Therefore, as shown in FIG. 19, the CPU 503 may write the above-described data unit 1803 in a distributed manner to the plurality of hard disk drives 51 in the RAID group via the disk control unit 502. FIG. 20 is a diagram showing the data unit management table 2001. The data unit management table 2001 indicates which LBA of which hard disk drive 51 corresponds to the data unit 1803 composed of a plurality of sectors. In the example of FIG. 20, one data unit 1803 is formed by 130 sectors from 000 to 129, and this data unit is composed of LBA from 000 to 064 of the hard disk drive 51 of drive number # 0 and drive number # 1. It is shown that. When the CPU 503 receives a data write request from the information processing apparatus 300, the CPU 503 refers to the data unit management table 2001 and writes the data in a distributed manner to the plurality of hard disk drives 51 for each data unit 1803.
As a result, even when a failure occurs in one hard disk drive, there is a high possibility that data fraud can be detected.

== Environment where Fiber Channel and Serial ATA coexist ==
Next, a description will be given of the disk array device 10 in which the fiber channel hard disk drive 51 and the serial ATA hard disk drive 51 are mixed.

  FIG. 21 is a block diagram showing a disk array device in which a fiber channel hard disk drive 51 is housed in a first housing 2101 and a serial ATA hard disk drive 51 is housed in a second housing 2102. The first casing 2101 and the second casing 2102 are the basic casing 20 or the additional casing 30. The connection form of each hard disk drive 51 with the disk control unit 502 is as described above. FIG. 19 shows a mode in which a plurality of serial ATA hard disk drives are connected to one converter 901. As described above, converters 801 are provided and connected to each disk drive unit. It is good.

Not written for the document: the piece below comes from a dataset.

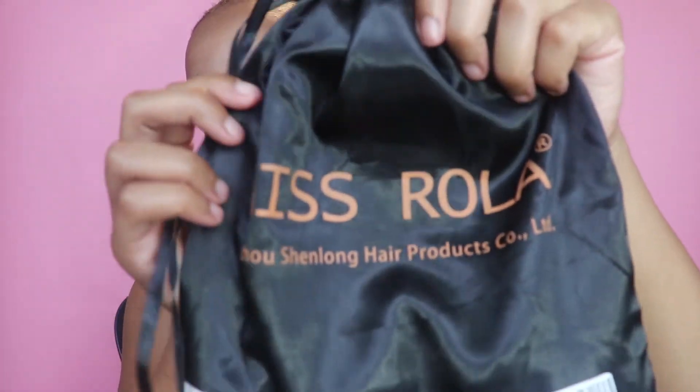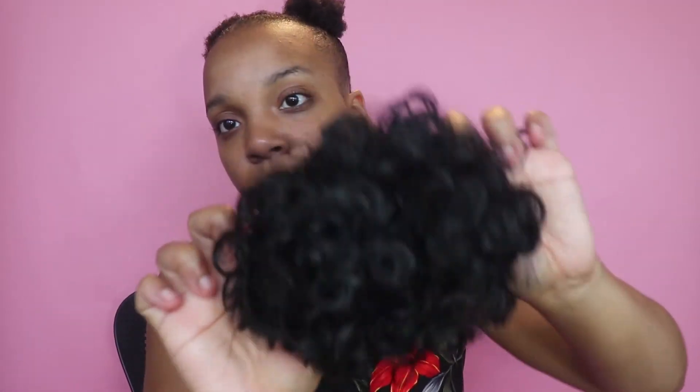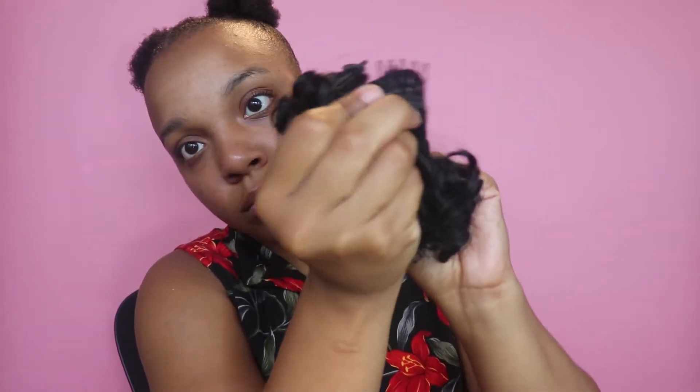What we will be using for our little phony ponies is this right here — Miss Rola. Of course, you all know I got these off Amazon, and I will definitely have that link in the description box below. These are what the puffs look like — they have a pretty big curl pattern, they're stretchy, and there are two combs on the inside, one on each side, and of course there is the drawstring. So yes, these are drawstring puff balls.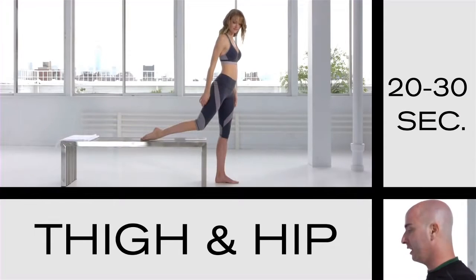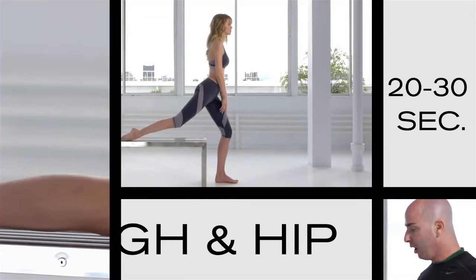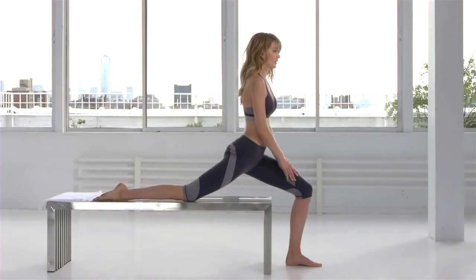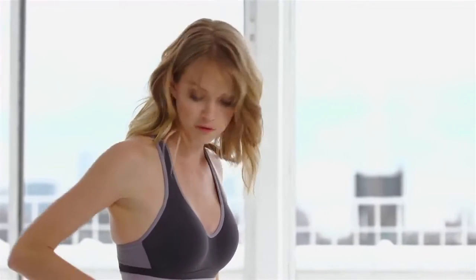The last stretch of the sequence for the legs — you're going to see Lindsay put her leg up on the bench with a slight bend and she's going to slide her leg back. I love this stretch because I'm really feeling it through my hip flexor as well as my thighs.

  In such a disk array device 10, it is required to improve the reliability of the serial ATA hard disk drive 51, which is less reliable than the fiber channel hard disk drive 51. Therefore, the controller 500 applies the above-described method for improving the reliability only to the hard disk drive 51 of the serial ATA. As a result, the reliability of data read / write with respect to the serial ATA hard disk drive 51 is improved without degrading the data read / write performance with respect to the fiber channel hard disk drive 51 used for processing that requires high access performance such as core business. Can do. Further, since it is not necessary to change the physical structure such as providing two heads for each magnetic disk of the serial ATA hard disk drive 51, the manufacturing cost of the serial ATA hard disk drive 51 can be reduced.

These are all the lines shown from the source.